BEGIN DATA TO EXAMINE
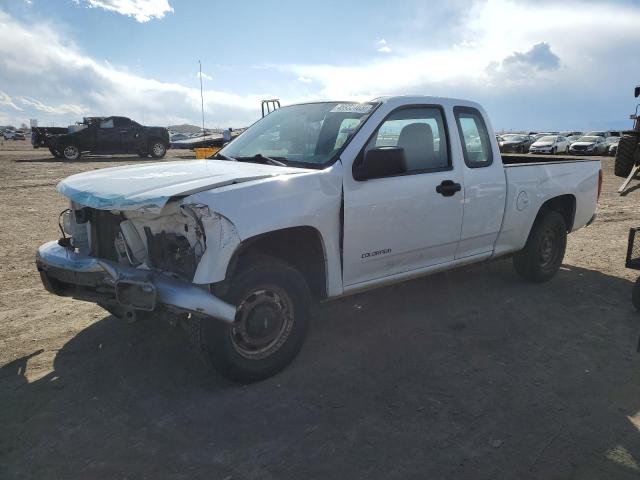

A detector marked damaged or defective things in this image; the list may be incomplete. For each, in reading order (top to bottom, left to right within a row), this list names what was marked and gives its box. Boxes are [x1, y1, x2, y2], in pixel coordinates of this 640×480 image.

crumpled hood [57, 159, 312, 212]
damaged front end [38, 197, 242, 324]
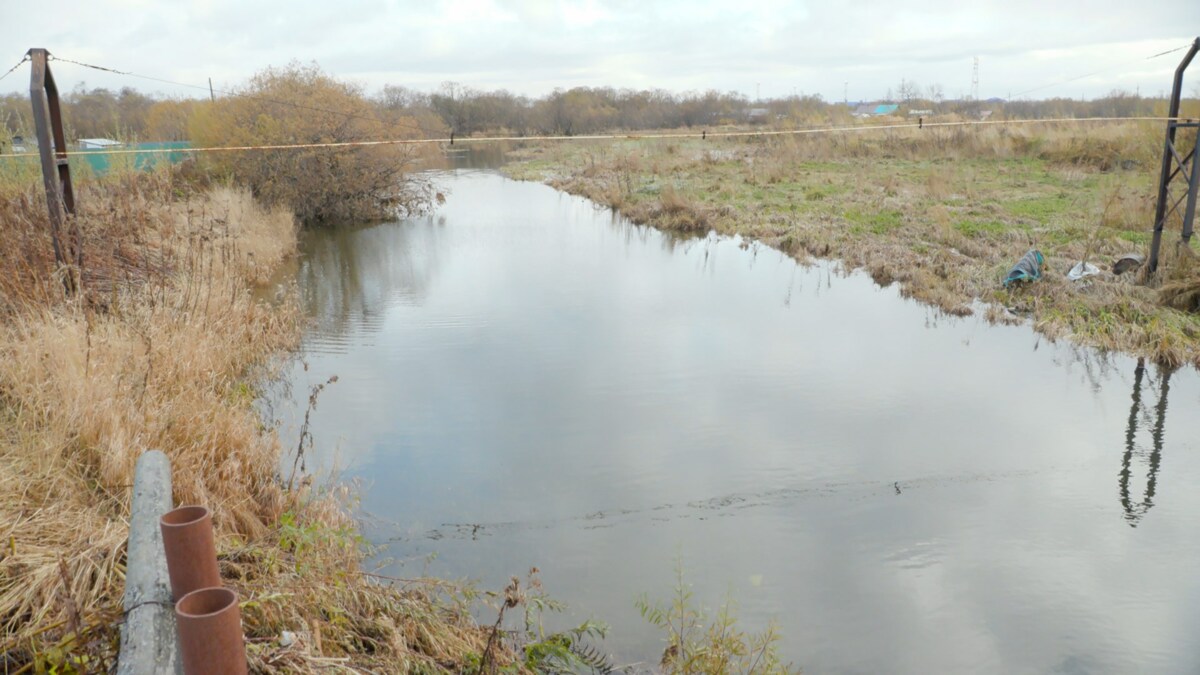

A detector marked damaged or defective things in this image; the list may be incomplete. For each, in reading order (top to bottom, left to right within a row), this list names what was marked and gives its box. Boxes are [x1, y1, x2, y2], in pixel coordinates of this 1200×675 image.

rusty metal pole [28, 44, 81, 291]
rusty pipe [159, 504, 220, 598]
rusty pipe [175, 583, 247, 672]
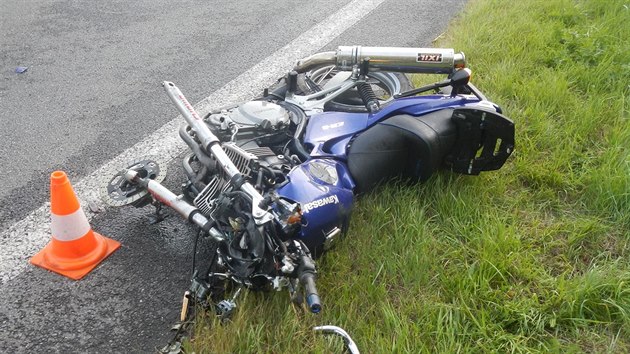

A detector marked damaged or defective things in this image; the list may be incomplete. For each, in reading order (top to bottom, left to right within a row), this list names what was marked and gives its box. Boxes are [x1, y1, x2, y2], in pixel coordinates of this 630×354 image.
END DATA TO EXAMINE
BEGIN DATA TO EXAMINE
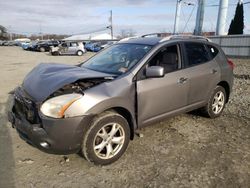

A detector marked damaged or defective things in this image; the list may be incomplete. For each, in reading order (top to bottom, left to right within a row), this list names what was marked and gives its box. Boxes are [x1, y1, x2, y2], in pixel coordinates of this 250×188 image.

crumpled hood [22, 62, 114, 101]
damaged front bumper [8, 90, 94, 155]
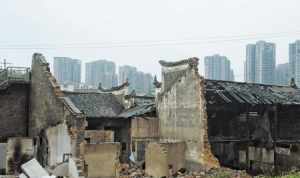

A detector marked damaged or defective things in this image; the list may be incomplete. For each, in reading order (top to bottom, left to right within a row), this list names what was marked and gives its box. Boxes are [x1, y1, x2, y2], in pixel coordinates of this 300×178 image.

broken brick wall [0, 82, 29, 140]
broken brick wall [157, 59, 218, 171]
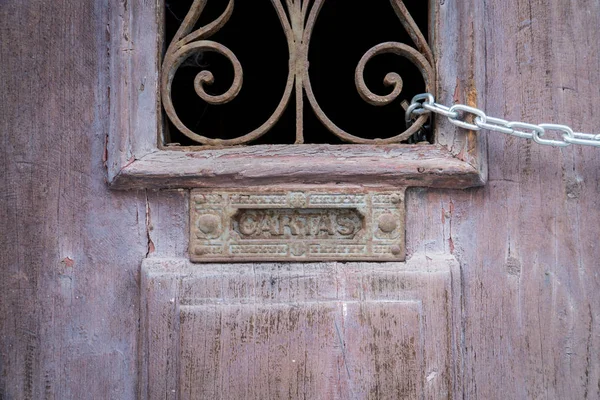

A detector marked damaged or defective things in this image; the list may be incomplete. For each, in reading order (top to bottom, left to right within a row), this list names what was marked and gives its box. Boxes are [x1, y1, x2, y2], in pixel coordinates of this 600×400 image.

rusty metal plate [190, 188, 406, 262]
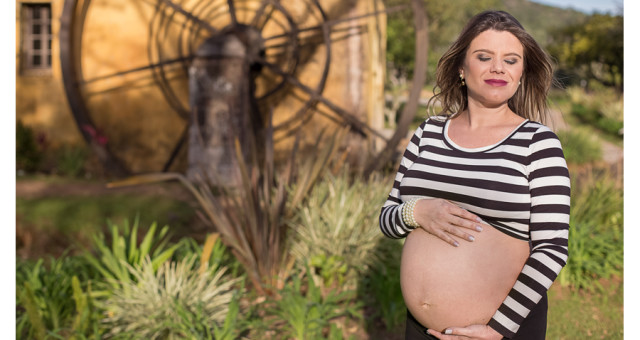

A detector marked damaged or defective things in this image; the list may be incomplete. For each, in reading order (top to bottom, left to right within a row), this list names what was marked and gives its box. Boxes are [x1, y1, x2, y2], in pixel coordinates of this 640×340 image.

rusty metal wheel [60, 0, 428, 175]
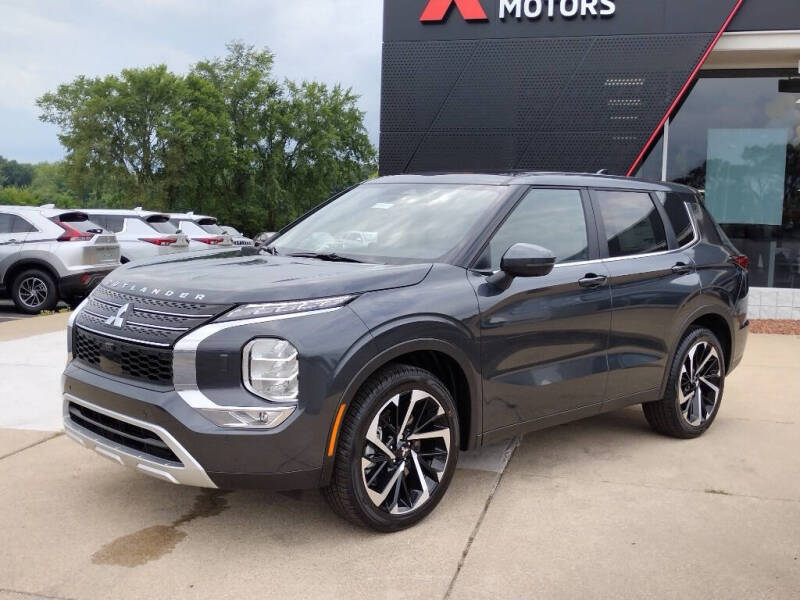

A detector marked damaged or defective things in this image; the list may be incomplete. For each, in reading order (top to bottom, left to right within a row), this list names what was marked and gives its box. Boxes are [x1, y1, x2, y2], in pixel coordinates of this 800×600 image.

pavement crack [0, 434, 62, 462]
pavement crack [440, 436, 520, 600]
END DATA TO EXAMINE
= YOUR TASK =
From the line holding "this 640×480 image." to the line holding "this 630×354 image.", both included, retype the entries above exactly and drop the pictures.

= REPLY TO THE EXERCISE =
A detector marked damaged or defective things in this image; the list may be incomplete. For each, in reading order (top to bottom, left to right within a row), this list names what was marked and gives its box. Boxes are [x1, y1, x2, y2], in pixel coordinates of this 640×480 image.

crumpled hood [57, 159, 312, 212]
damaged front end [38, 197, 242, 324]

A detector marked damaged or defective things in this image; the list may be incomplete. For each, in reading order (top to bottom, left to right within a row), this list names what was marked and gives its box. Boxes are [x1, y1, x2, y2], in pixel coordinates of this 1200×675 image.

rusty metal pole [28, 44, 81, 291]
rusty pipe [159, 504, 220, 598]
rusty pipe [175, 583, 247, 672]

A detector marked damaged or defective things in this image; the list may be incomplete. For each, in reading order (top to bottom, left to right within a row), this list names what was marked and gives its box. Boxes are [x1, y1, x2, y2], in pixel coordinates of this 630×354 image.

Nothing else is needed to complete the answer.